+++ Source records +++
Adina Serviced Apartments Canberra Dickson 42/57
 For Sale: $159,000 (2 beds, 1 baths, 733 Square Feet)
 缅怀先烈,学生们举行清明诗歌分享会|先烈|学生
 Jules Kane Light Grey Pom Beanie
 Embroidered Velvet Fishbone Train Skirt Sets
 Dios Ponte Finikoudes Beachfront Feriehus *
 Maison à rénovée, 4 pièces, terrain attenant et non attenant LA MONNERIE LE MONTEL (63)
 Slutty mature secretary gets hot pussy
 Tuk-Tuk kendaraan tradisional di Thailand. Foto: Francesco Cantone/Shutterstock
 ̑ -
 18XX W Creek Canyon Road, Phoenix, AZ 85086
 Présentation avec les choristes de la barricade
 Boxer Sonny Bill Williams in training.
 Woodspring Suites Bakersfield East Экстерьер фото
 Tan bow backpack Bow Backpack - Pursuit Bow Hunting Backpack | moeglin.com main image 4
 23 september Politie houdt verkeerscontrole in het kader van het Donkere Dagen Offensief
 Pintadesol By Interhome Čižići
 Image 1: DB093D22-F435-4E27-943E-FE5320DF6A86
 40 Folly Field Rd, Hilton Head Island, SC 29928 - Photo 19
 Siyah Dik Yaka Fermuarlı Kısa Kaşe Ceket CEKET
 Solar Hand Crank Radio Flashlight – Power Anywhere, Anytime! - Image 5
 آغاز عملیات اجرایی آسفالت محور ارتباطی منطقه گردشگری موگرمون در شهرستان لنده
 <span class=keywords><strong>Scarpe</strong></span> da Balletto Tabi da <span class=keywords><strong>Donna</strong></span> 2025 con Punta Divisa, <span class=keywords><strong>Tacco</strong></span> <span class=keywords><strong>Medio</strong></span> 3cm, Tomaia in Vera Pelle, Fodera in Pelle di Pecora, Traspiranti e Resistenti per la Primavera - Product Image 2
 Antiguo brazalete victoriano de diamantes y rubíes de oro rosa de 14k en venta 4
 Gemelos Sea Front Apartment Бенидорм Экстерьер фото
+++
- Action item
Extract exactly the leading lines of the data, stopping at and including the line with "Tuk-Tuk kendaraan tradisional".

- Answer for this exercise
Adina Serviced Apartments Canberra Dickson 42/57
 For Sale: $159,000 (2 beds, 1 baths, 733 Square Feet)
 缅怀先烈,学生们举行清明诗歌分享会|先烈|学生
 Jules Kane Light Grey Pom Beanie
 Embroidered Velvet Fishbone Train Skirt Sets
 Dios Ponte Finikoudes Beachfront Feriehus *
 Maison à rénovée, 4 pièces, terrain attenant et non attenant LA MONNERIE LE MONTEL (63)
 Slutty mature secretary gets hot pussy
 Tuk-Tuk kendaraan tradisional di Thailand. Foto: Francesco Cantone/Shutterstock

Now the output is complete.